At the time of a restoration, the meta-data (e.g., 126A and 126B) may be used by the user or administrator to become better informed of the contents and/or status of a particular backup (e.g., 128A and 128B). The user or administrator may also use the meta-data (e.g., 128A and 128B) to determine individual files to restore from the backup rather than the entire backup.


In one or more embodiments of the invention, the backup agent (e.g., 104) is a physical device. The physical device may include circuitry. The physical device may be, for example, a field-programmable gate array, application specific integrated circuit, programmable processor, microcontroller, digital signal processor, or other hardware processors. The physical device may be adapted to provide the functionality of the backup agents (e.g., 104) described throughout this application.


In one or more embodiments of the invention, the backup agent (e.g., 104) is implemented as computer instructions (e.g., computer code), stored on a persistent storage that when executed, causes a processor to provide the functionality of the backup agent (e.g., 104) described throughout this application.


In one or more embodiments of the invention, the backup agent (e.g., 104) may generate such instructions in accordance with backup schedules that specify when backups are to be generated. In one or more embodiments, a backup schedule may provide specific points in time for a backup process to be performed.


In one or more embodiments of the invention, to satisfy the above-discussed backup schedules, the backup agent (e.g., 104) may monitor a backup window (e.g., four hours, eight hours, etc.) to perform a single backup and/or multiple backups. Additionally, the backup agent (e.g., 104) may pause an ongoing backup if the backup exceeds the backup window. The backup agent (e.g., 104) may then resume the paused backup while performing a next backup in a parallel manner based on the backup schedule.


In one or more embodiments of the invention, the backup agent (104) may include functionality to use services provided by the production host (e.g., 102). For example, the backup agent may use graphical user interfaces (GUI) provided by the production host (102) to receive instructions and obtain feedback from a user or administrator with regards to performing a backup or restoration.


In one or more embodiments of the invention, the backup agent (104) may include a backup storage device (e.g., 114) for providing data storage services.
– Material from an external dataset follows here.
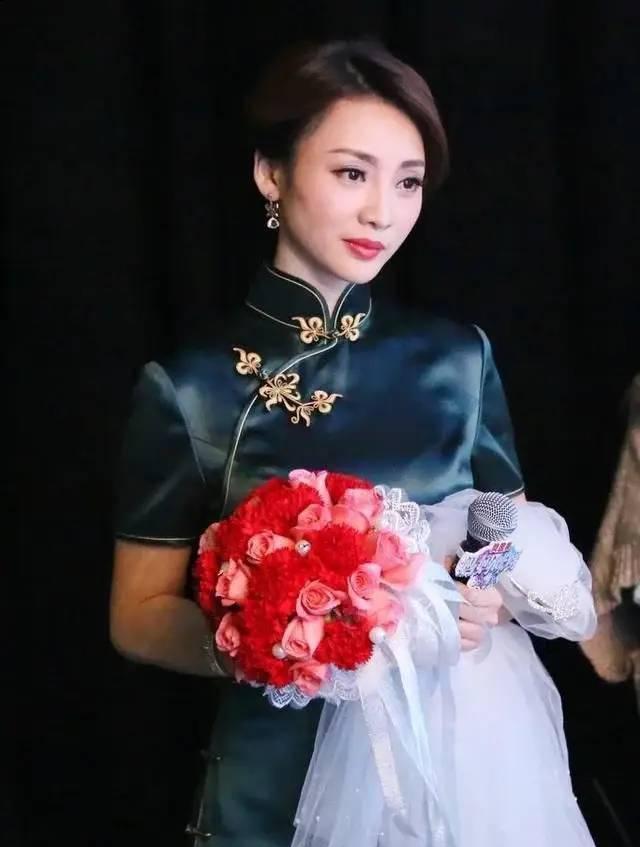 柳岩|为什么娱乐圈这么大,偏偏容不下一个柳岩?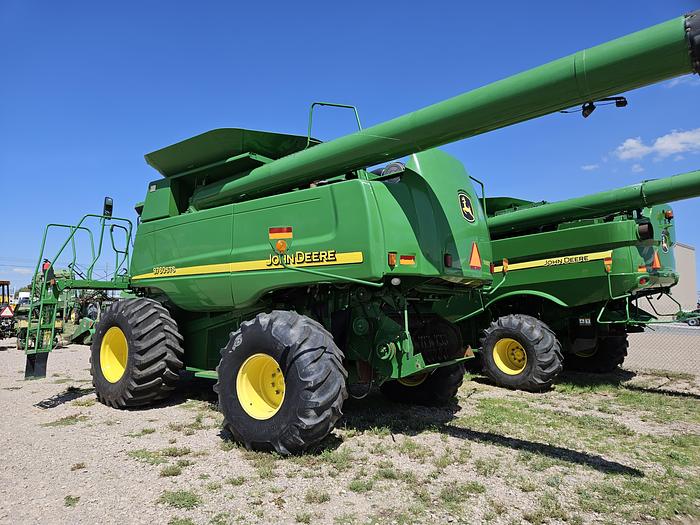 Used 2004 JOHN DEER 9760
For example, the backup storage device (114) may store backups of the production host (e.g., 102) in persistent storage system associated with the backup storage device (114). Alternatively, in one or more embodiments of the invention, the backups (e.g., 128A and 128B) and associated meta-data (e.g., 126A and 126B) may be stored in storage associated with the production host (e.g., 102), cyber-security module (106), and/or elsewhere.
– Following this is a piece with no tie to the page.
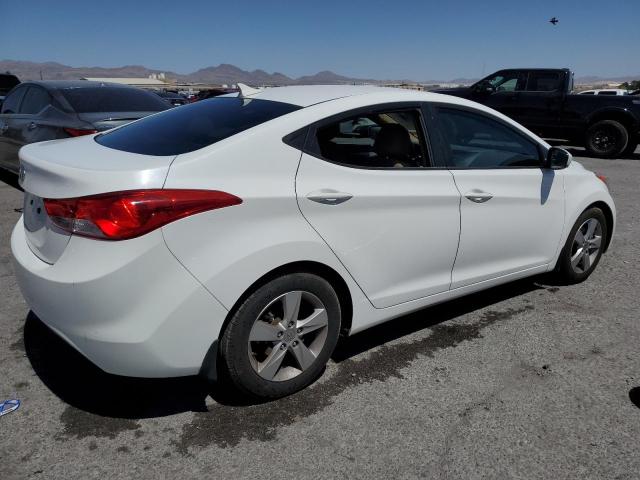 5NPDH4AE2DH428091 - 2013 HYUNDAI ELANTRA GLS WHITE photo 3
In one or more embodiments of the invention, the backup storage device (114) stores data related to the backup (e.g., 128A). The data stored in the backup storage device (114) may include backups of target data associated with applications of the target production host (e.g., 102). The backup storage device (114) may store any quantity of backups without departing from the invention. The backup storage device (114) may store full backups, incremental backups, or any combination or type of backup. The backup storage device (114) may store other and/or additional data without departing from the invention.


The backup storage device (114) may also provide copies of the backups (e.g., 128A and 128B) and the backup meta-data (e.g., 126A and 126B) to the backup agent (e.g., 104), production host (e.g., 102) and/or the cyber-security module (106). The system may include any number of backup storage devices (e.g., 114) and backups comprising backup data (e.g., 128A and 128B) and associated meta-data (e.g., 126A and 126B) without departing from the scope of the invention.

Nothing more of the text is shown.